DESCRIPTION OF THE TASK>
Return each entry below word for word, leaving out any image.

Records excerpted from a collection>
--------------------------------

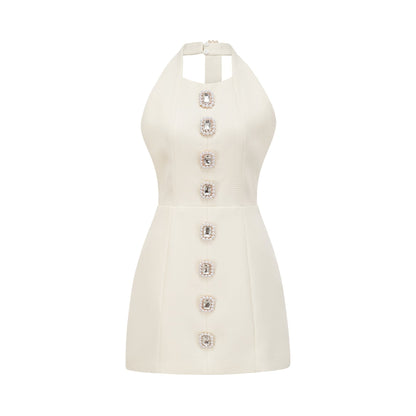 Charlene embellished openback mini dress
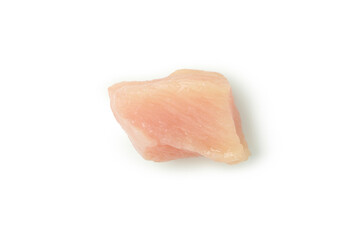 Raw chicken fillet slice isolated on white background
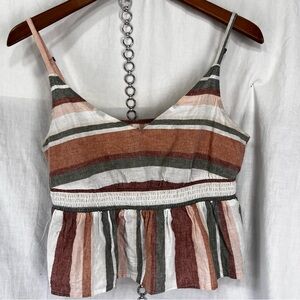 Roxy About Paradise Tank Top Womens Medium Cotton Linen Cropped Striped Babydoll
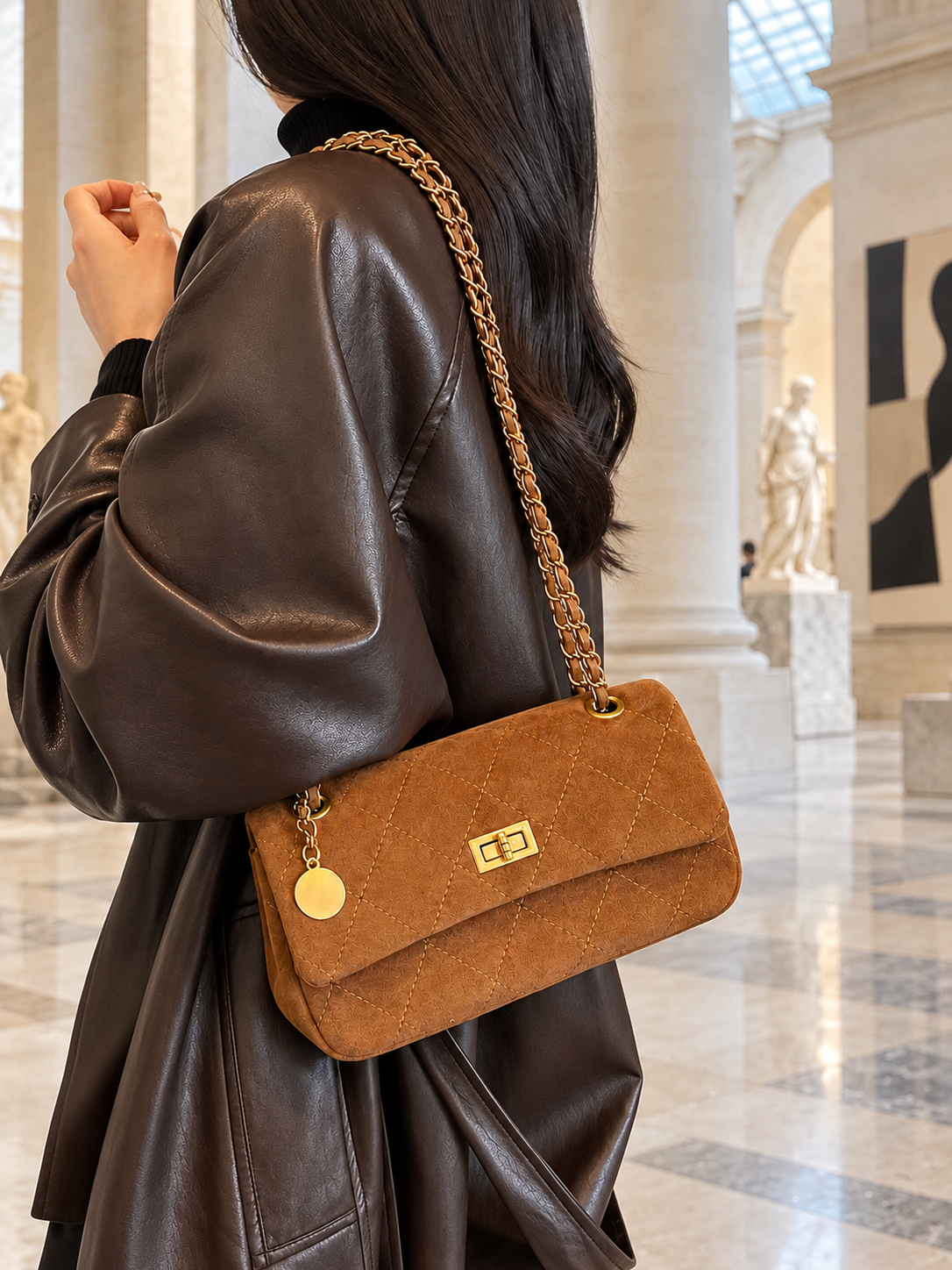 The Paris Edit Chain Bag - Khaki Beige
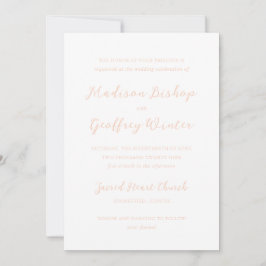 Madison Peach Elegant Wedding Kaart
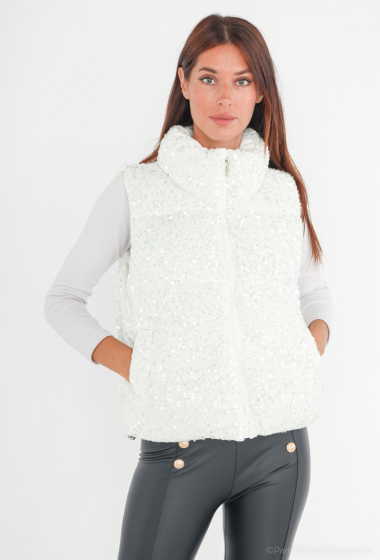 Wholesaler Melya Melody - Sequined sleeveless down jacket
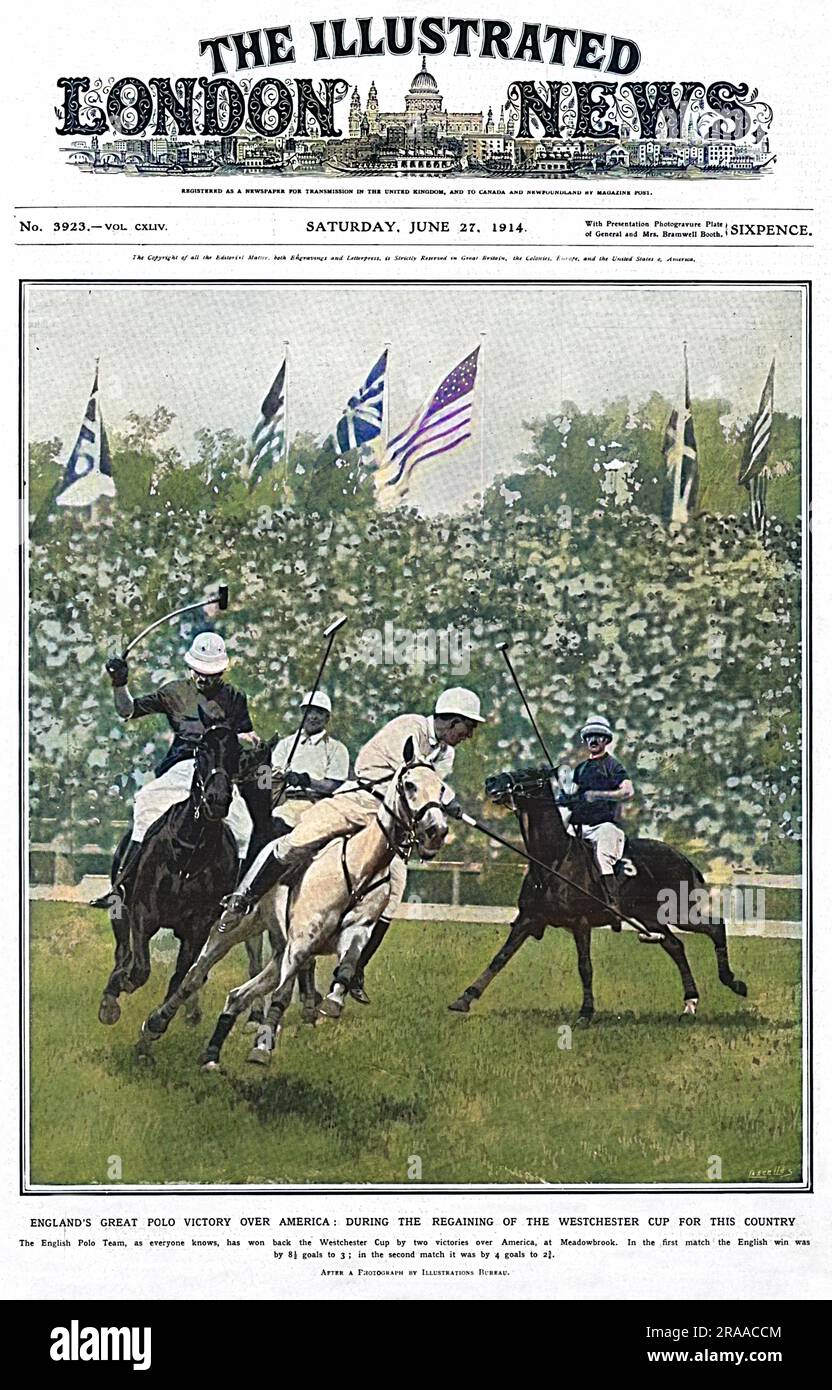 Front cover of The Illustrated London News depicting the famous victory of the British polo team over the Americans at Meadowbrook in the International Polo Trophy - also known as the Westchester Cup - in June 1914.  The victorious team comprised Captain H. H. Tomkinson, Captain Leslie Cheape, Captain F. W. Barrett and Captain Vivian Lockett.  Captain Leslie St. Clair Cheape (1882-1916) was dubbed, 'England's greatest polo player'. He played for England in the Westchester Cup three times in 1911, 1913 and 1914. He was killed on 23 April 1916 while commanding a squadron of the Worcestershire Ye Stock Photo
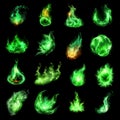Collection of green fire spells and enchantments, isolated on black background. Generative Ai illustration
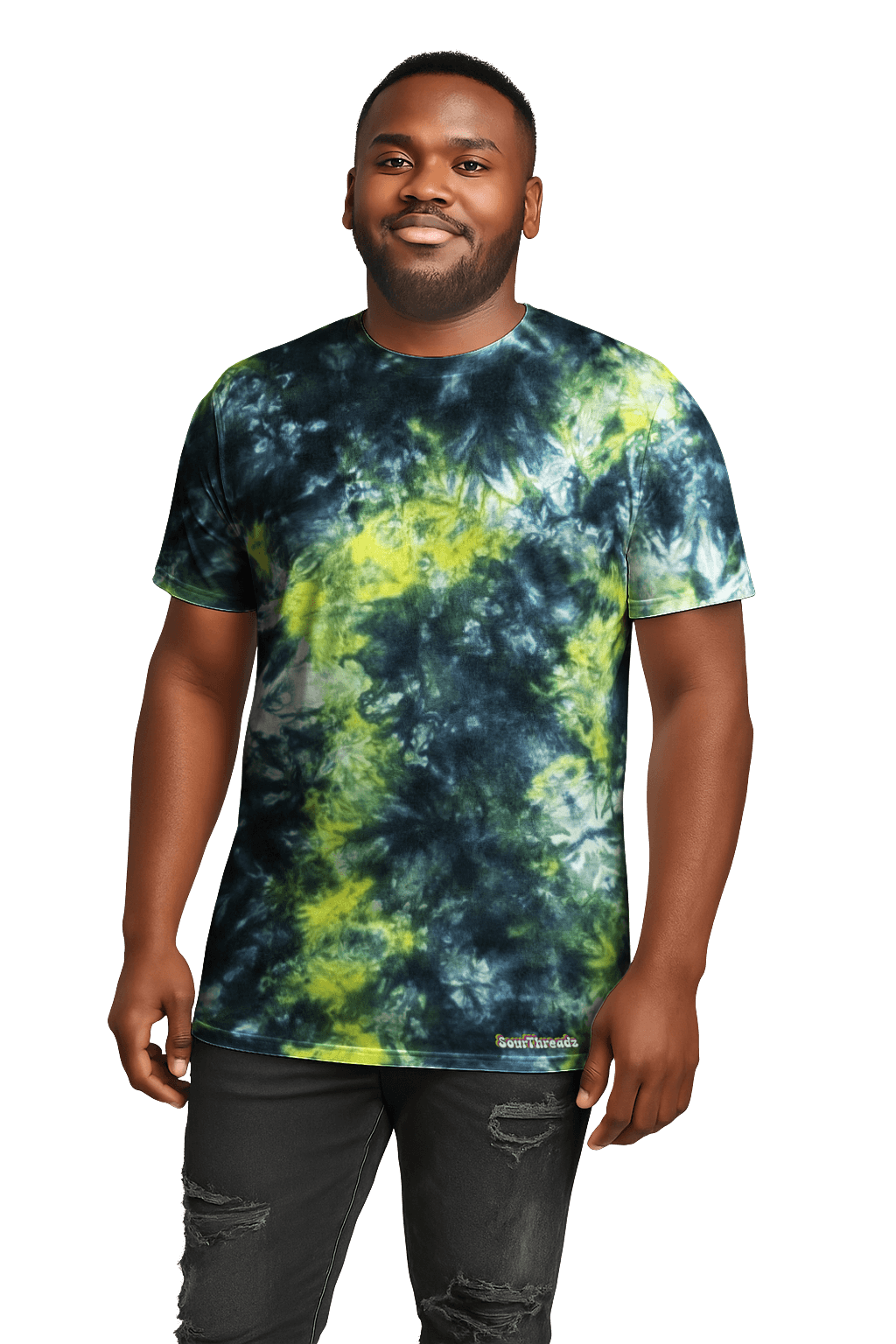 Tie-Dye Men’s T-Shirt - Black Yellow Camo - Bold Grunge Look - SourThreadz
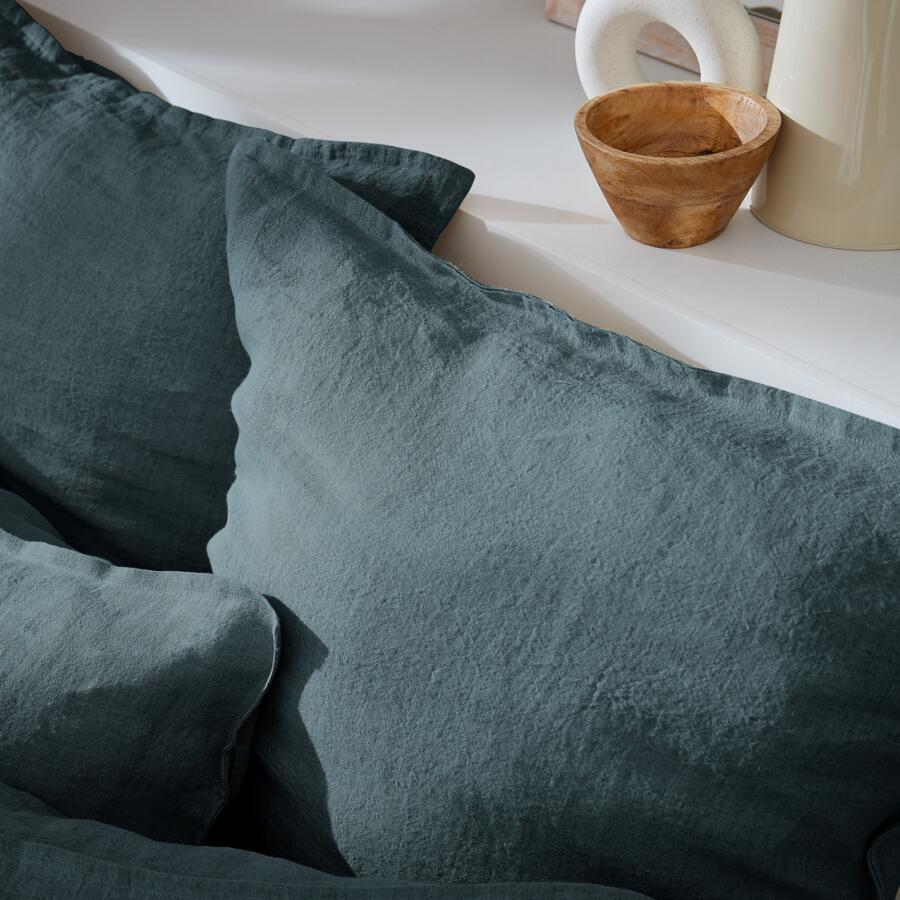 Funda de almohada cuadrada en lino lavado (60 cm) Louise Gris pizarra 4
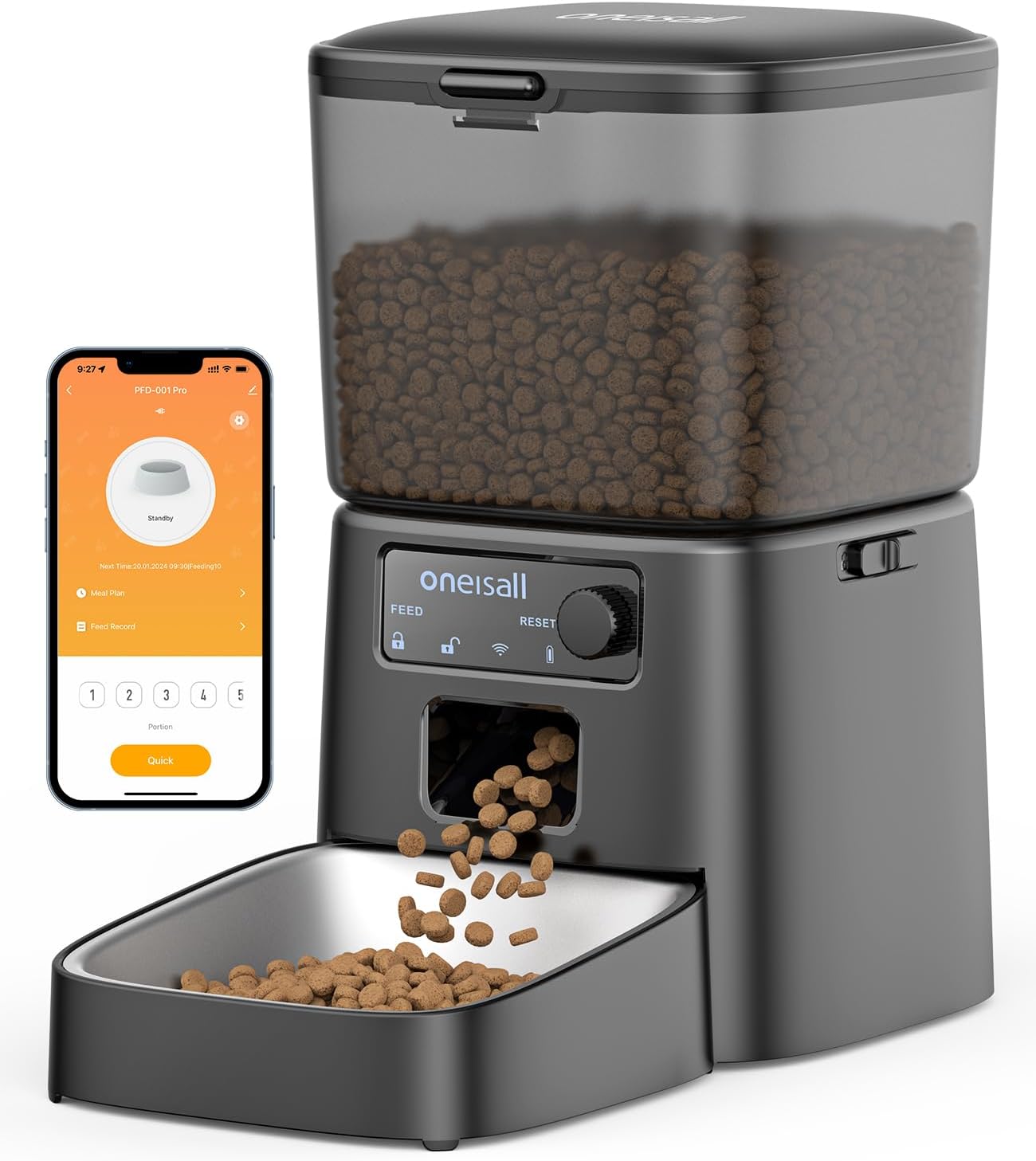 oneisall Automatic Cat Feeder with WiFi Control for Pets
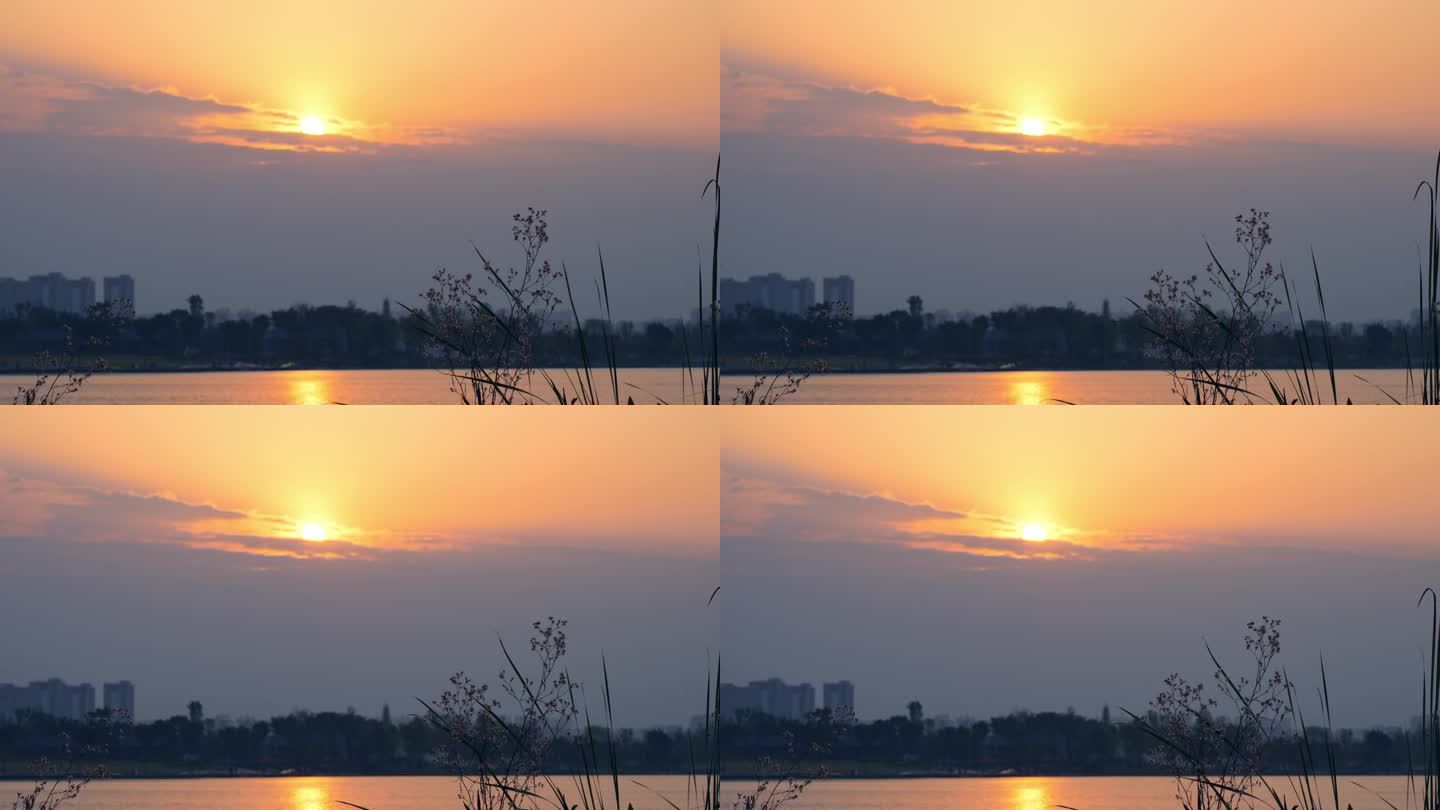 夕阳西下湖面太阳落山实拍(可加速）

--------------------------------

ANSWER BOX>
 Charlene embellished openback mini dress
 Raw chicken fillet slice isolated on white background
 Roxy About Paradise Tank Top Womens Medium Cotton Linen Cropped Striped Babydoll
 The Paris Edit Chain Bag - Khaki Beige
 Madison Peach Elegant Wedding Kaart
 Wholesaler Melya Melody - Sequined sleeveless down jacket
 Front cover of The Illustrated London News depicting the famous victory of the British polo team over the Americans at Meadowbrook in the International Polo Trophy - also known as the Westchester Cup - in June 1914.  The victorious team comprised Captain H. H. Tomkinson, Captain Leslie Cheape, Captain F. W. Barrett and Captain Vivian Lockett.  Captain Leslie St. Clair Cheape (1882-1916) was dubbed, 'England's greatest polo player'. He played for England in the Westchester Cup three times in 1911, 1913 and 1914. He was killed on 23 April 1916 while commanding a squadron of the Worcestershire Ye Stock Photo
Collection of green fire spells and enchantments, isolated on black background. Generative Ai illustration
 Tie-Dye Men’s T-Shirt - Black Yellow Camo - Bold Grunge Look - SourThreadz
 Funda de almohada cuadrada en lino lavado (60 cm) Louise Gris pizarra 4
 oneisall Automatic Cat Feeder with WiFi Control for Pets
 夕阳西下湖面太阳落山实拍(可加速）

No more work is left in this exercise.